The Northwest Regional Style of architecture, of which he is widely cited as an originator, is most characterized by its relationship to the natural environment of the Pacific Northwest and the use of wood. Thus an appreciation for Yeon’s childhood is essential to understanding just how profound his impact on the Northwest Regional Style truly was. John Yeon developed knowledge of indigenous building materials and their applications within the context of the rugged Pacific Northwest, thus resulting in his unique design sensibility.
The Architectural Development and Career of John Yeon
John Yeon had a broad and largely self-taught artistic talent, exploring the relationship between the built and the natural landscapes not only through architecture, but also art history and preservation, landscape architecture, interior design, and art.

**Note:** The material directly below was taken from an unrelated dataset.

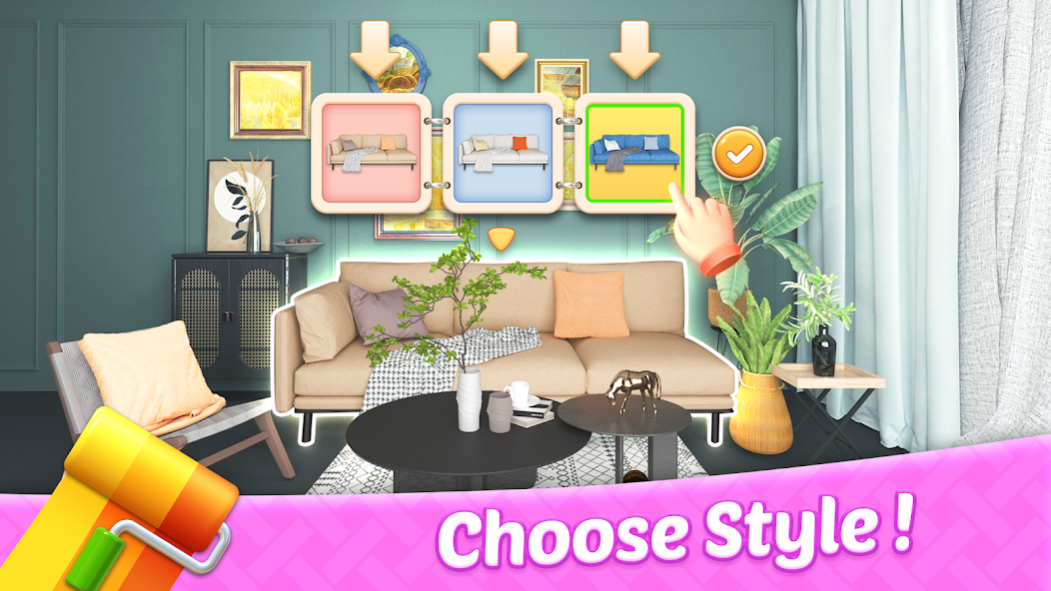 Home Design - Dream Makeover 1.1.3 Screenshot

Yeon’s early education included a year at the Moran School, a private preparatory school in Washington State, where he recalled building miniature theaters complete with set changes. Subsequently, he attended the Allen Preparatory School in Portland for three years, and then spent a year at the Culver Military Academy in Indiana. Yeon began illustrating articles for the school literary magazine while attending Culver, and also while there was given the chance to go to Europe for the first time. In 1928, when he was 17 or 18, he toured Scandinavia, England, Germany, and France. He was most impressed by Stockholm and had, by that time, developed a passion for architecture.
For some years during Yeon’s teens, he had been interested in his father’s Mocks Crest development in Portland, watching the houses in design and later in construction. Also during his teen years, he began working as a summer office boy in prominent Portland architectural offices; first for A.E. Doyle and later for Herman Brookman. At Doyle’s office, John Yeon met Harry Wentz, who was a friend and contemporary of Doyle’s. Yeon began attending Harry Wentz's composition class at the Portland Art Museum and also took life drawing at night. Wentz befriended the younger man, and they often took trips together to paint wildflowers in the Columbia River Gorge. Pietro Belluschi, who was also working in Doyle’s office, was similarly impressed with Harry Wentz and with Wentz’s studio cottage on the side of Mt. Neahkanie on the Oregon coast. The studio, designed by Doyle in 1916, provided inspiration to Belluschi and Yeon, and represented for both architects the idea of holistically integrating the entire composition of house and site.
Returning from his Culver trip to Europe, John Yeon was accepted at Stanford, but his studies there were to end with the news that his father had died in 1929. He spent some time in New York City, working for the architectural office of DeYoung, Moscowitz, and Rosenberg and taking sporadic evening classes at Columbia University. In 1930, he traveled again to Europe, this time with his mother, two brothers, and his sister. They went to the Exposition in Stockholm, where the new International Style of architecture was emerging, led in Sweden by the modernist architect Erik Gunnar Asplund. Yeon returned to Oregon at about the time Oregon elected Julius Meier as governor. John Yeon’s father had been a friend of Meier’s, and the two men had worked together on the Columbia River Highway project for almost a decade. Although only twenty-one, John Yeon became immediately involved in a land conservation effort. There were plans to build a dance hall atop Chapman Point, at Ecola State Park on the coast of Oregon, and Yeon instead borrowed against a life insurance policy and purchased the land, preventing its development. That same year, Meier appointed John Yeon to the state’s first Park Commission.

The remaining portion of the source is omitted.